She writes: There’s been some discussion in FB groups about the earliest Chinese cookbooks in Australia. On that vein, my father Martin Kwok was a pioneer of Chinese frozen meals, developing the “Hungry Dragon” line of Chinese frozen dinners for White Wings in 1981. I thought Dad was THE pioneer until I met Gordon Fong, my grandfather’s cousin, who started up a factory in Tingha producing “Mandarin” frozen Chines meals back in 1967. Dad and Gordon met once in Tingha in about 1961 when Dad had just migrated from Hong Kong. They met once again around 1974, when Gordon took his wife-to-be, Doreen, to Dad’s restaurant, the Nightingale on New South Head Rd, Edgecliff.

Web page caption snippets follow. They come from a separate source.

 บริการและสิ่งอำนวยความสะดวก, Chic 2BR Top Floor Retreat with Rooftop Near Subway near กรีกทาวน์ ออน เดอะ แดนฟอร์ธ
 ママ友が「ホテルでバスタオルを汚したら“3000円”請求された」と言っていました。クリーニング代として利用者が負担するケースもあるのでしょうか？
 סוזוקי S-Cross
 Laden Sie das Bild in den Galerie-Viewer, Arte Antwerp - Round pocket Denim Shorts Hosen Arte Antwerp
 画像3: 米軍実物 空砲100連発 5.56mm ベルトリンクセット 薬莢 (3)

In 1967 Gordon Fong, who managed the Sam Kee store on Ruby Street Tingha, decided he would start a sideline business making and selling frozen Chinese meals, He rented a now demolished bakery building in Tingha, designed recipes and set up a factory employing four people. The name of the business was “Mandarin”. The frozen meals included Chop Suey, Carried Prawns and Rice, Chow Mein, Chicken and Almonds and Sweet and Sour Pork.
The business ran until 1975 when Gordon and his wife Doreen sold up and moved to Sydney. Gordon later started up another frozen food business called “Rice King” based in Wetherill Park. It is no longer owned by Gordon but it is still operating. Gordon and Doreen are living in Sydney and still going strong.

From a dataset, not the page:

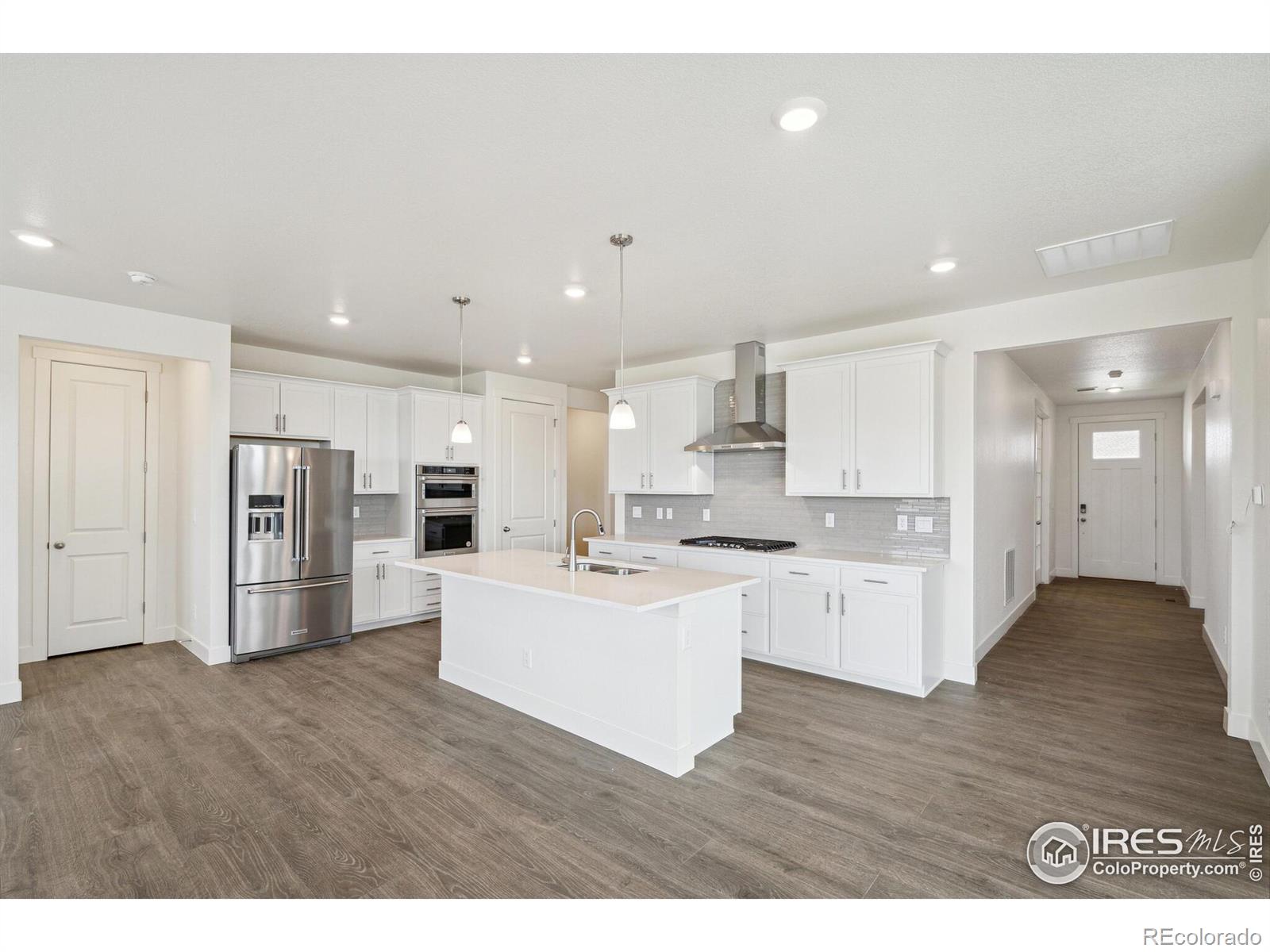 MLS Image #10 for 1884  sawtooth mountain drive,berthoud, Colorado
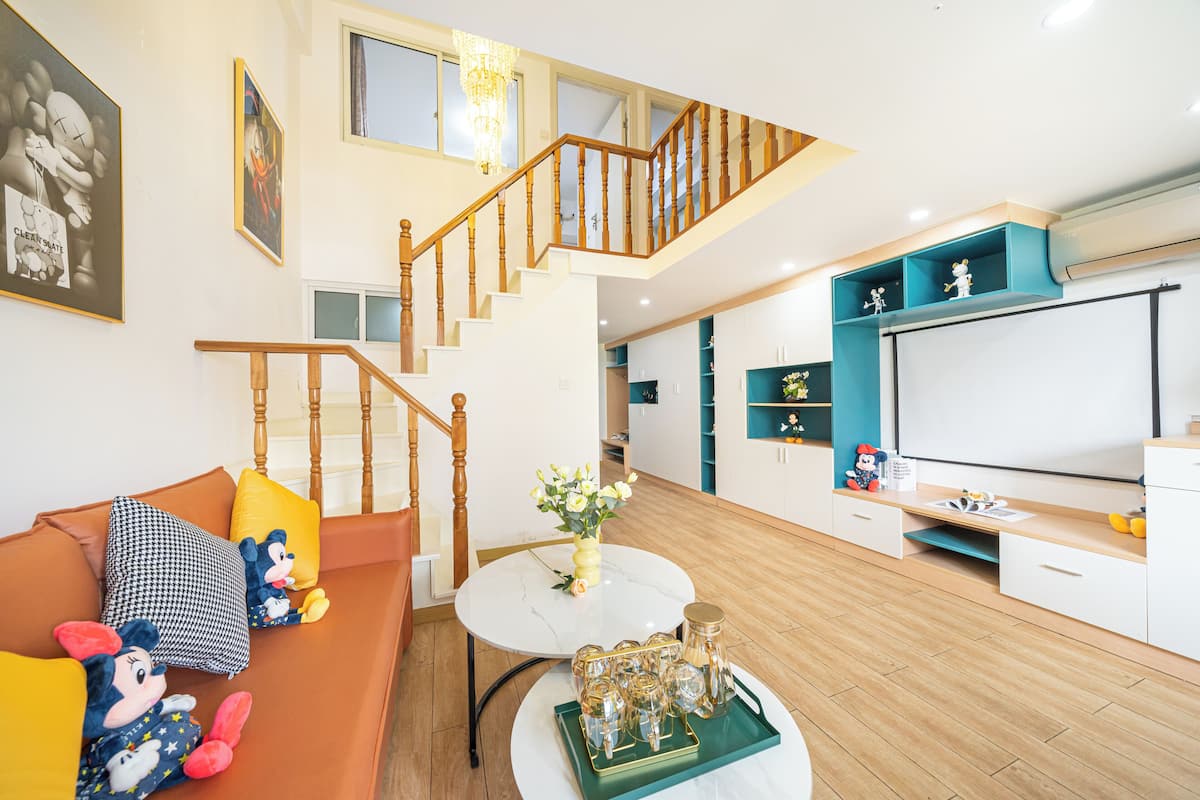 Room | Living area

(Juanita writes)I first posted this on the Inverell, Bundarra, Tingha and Gilgai family history group page. It brought out some great comments from locals who remember working at the factory making the meals, peeling hundreds of onions and mixing up the ingredients in the big old bakery mixing bowls etc. The Fongs are fondly remembered in Tingha.
In 1981 my restaurateur father Martin Kwok worked with White Wings to develop a range of frozen authentic Chinese meals, marketed under the name “Hungry Dragon”. This was before people had microwave ovens in their kitchens. Dad devised recipes for Chicken and Baby Corn, Sate Beef, Beef in Black Bean Sauce and Sweet and Sour Chicken. He designed packaging with compartments so the meal could be stir-fried first, then vegetables added and finally the sauce, to ensure the ingredients retained their texture. On the side of the box there were instructions on how to boil the rice properly and how to make fried rice. It was a quality product.

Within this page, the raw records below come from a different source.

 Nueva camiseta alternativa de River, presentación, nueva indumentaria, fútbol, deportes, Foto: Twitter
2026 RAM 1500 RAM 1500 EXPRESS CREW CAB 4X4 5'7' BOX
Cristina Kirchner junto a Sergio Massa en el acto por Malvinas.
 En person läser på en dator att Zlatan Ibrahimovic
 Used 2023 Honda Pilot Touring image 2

The one which truly manifested Dad’s grand ambitions was the Nightingale which opened in 1974. Dad commissioned a Japanese architect to design a modern multi-level restaurant with no expenses spared on decor or tableware. Out of the kitchen came soups served in exquisitely carved winter melons, hors d’oeuvre platters of cold meats and jellyfish arranged in the shape of a phoenix (or nightingale) and dishes with exotic ingredients like beche-de-mer.
Our grandfather, Richard Kwok, sat downstairs doing the accounts on his abacus. Upstairs was the party room with the mahjong tables. Dad was the host, invariably described as charming in the restaurant reviews. Dad also caught the eye of a TV executive who filmed Dad in a pilot Chinese cooking show called “Martin Kwok and his Magic Wok”. The show never got off the ground, which is a pity as I think it would have been a first.